Records shown ▸
------

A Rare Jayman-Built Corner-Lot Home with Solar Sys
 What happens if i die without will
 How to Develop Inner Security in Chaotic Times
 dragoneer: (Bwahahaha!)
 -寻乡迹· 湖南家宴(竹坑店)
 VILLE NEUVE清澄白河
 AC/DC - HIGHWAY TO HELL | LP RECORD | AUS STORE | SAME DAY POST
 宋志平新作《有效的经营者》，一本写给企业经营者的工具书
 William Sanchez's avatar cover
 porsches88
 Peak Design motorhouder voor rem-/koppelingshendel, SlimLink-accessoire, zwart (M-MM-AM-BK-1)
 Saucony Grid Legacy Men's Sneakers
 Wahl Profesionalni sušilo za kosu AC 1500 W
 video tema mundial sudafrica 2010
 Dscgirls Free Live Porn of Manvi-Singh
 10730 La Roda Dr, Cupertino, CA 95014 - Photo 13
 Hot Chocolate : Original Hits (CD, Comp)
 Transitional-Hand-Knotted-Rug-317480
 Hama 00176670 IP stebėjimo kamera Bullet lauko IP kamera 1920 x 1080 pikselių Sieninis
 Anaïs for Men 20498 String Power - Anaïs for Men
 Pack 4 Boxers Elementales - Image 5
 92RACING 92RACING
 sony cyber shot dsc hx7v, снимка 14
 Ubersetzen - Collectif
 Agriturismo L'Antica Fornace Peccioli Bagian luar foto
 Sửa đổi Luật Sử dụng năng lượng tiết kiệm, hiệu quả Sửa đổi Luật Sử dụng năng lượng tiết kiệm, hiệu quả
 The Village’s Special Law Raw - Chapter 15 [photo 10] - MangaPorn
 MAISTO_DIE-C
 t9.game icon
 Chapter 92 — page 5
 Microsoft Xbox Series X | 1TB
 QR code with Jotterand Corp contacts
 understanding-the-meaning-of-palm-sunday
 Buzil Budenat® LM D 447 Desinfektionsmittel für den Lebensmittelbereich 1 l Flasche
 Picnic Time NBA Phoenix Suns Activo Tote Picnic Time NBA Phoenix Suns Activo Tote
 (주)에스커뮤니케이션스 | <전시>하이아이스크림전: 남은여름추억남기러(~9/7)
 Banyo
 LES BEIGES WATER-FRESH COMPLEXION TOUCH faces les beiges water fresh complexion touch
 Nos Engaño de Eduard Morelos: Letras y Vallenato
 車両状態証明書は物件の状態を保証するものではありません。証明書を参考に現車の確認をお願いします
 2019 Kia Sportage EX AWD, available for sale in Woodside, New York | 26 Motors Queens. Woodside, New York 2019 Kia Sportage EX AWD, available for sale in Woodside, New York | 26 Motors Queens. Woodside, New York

------

Problem statement ▸ I'd like the lines above from the one with "William Sanchez's avatar cover" up to and including the one with "Buzil Budenat® LM" copied exactly, with no other lines.

Result for this exercise ▸
 William Sanchez's avatar cover
 porsches88
 Peak Design motorhouder voor rem-/koppelingshendel, SlimLink-accessoire, zwart (M-MM-AM-BK-1)
 Saucony Grid Legacy Men's Sneakers
 Wahl Profesionalni sušilo za kosu AC 1500 W
 video tema mundial sudafrica 2010
 Dscgirls Free Live Porn of Manvi-Singh
 10730 La Roda Dr, Cupertino, CA 95014 - Photo 13
 Hot Chocolate : Original Hits (CD, Comp)
 Transitional-Hand-Knotted-Rug-317480
 Hama 00176670 IP stebėjimo kamera Bullet lauko IP kamera 1920 x 1080 pikselių Sieninis
 Anaïs for Men 20498 String Power - Anaïs for Men
 Pack 4 Boxers Elementales - Image 5
 92RACING 92RACING
 sony cyber shot dsc hx7v, снимка 14
 Ubersetzen - Collectif
 Agriturismo L'Antica Fornace Peccioli Bagian luar foto
 Sửa đổi Luật Sử dụng năng lượng tiết kiệm, hiệu quả Sửa đổi Luật Sử dụng năng lượng tiết kiệm, hiệu quả
 The Village’s Special Law Raw - Chapter 15 [photo 10] - MangaPorn
 MAISTO_DIE-C
 t9.game icon
 Chapter 92 — page 5
 Microsoft Xbox Series X | 1TB
 QR code with Jotterand Corp contacts
 understanding-the-meaning-of-palm-sunday
 Buzil Budenat® LM D 447 Desinfektionsmittel für den Lebensmittelbereich 1 l Flasche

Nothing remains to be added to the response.